- **Work required**
Apart from the images, reproduce all of the data word for word.

- **Data segment**

•••

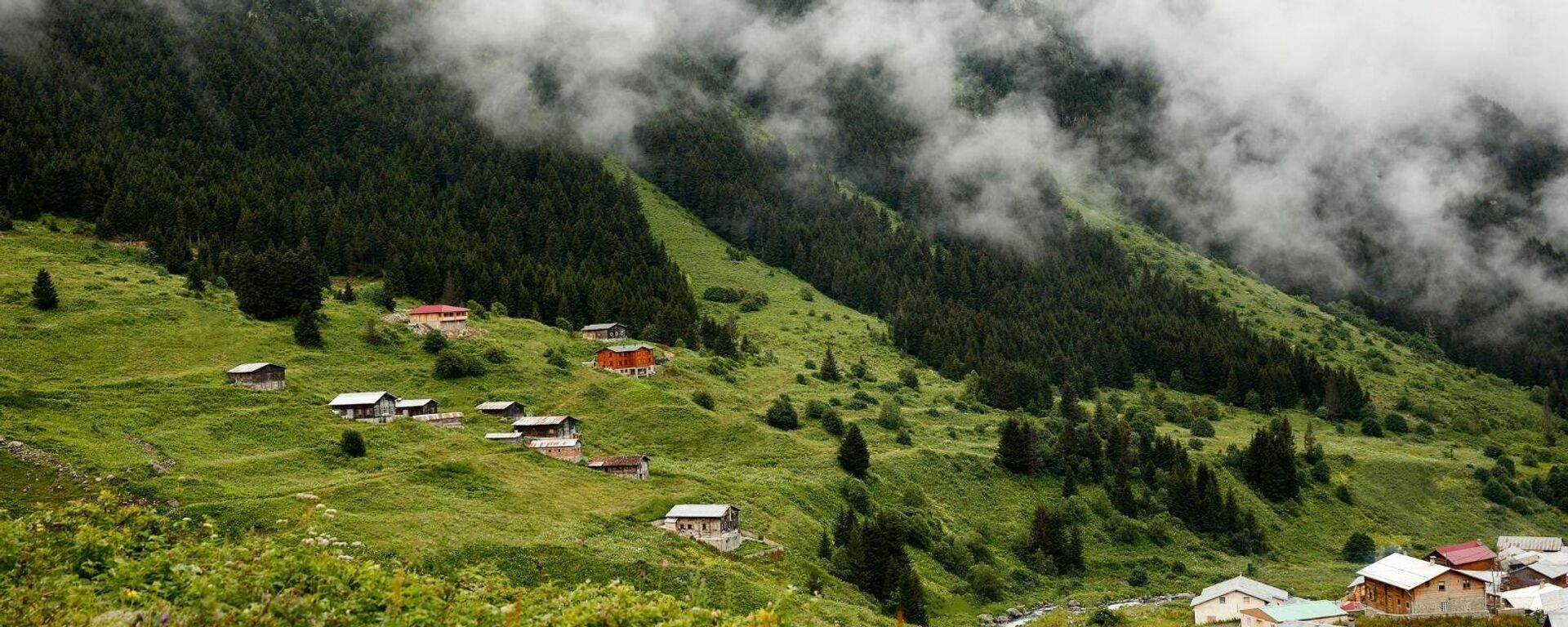 karadeniz yayla - Sputnik Türkiye, 1920, 27.10.2025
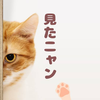 にゃん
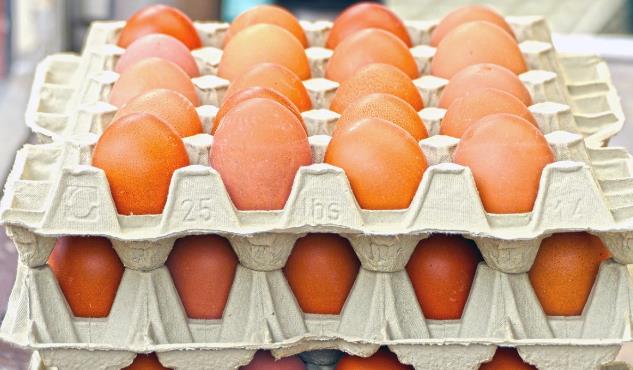 雞蛋盒怎么種大蒜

•••

- **Problem solution**
 karadeniz yayla - Sputnik Türkiye, 1920, 27.10.2025
 にゃん
 雞蛋盒怎么種大蒜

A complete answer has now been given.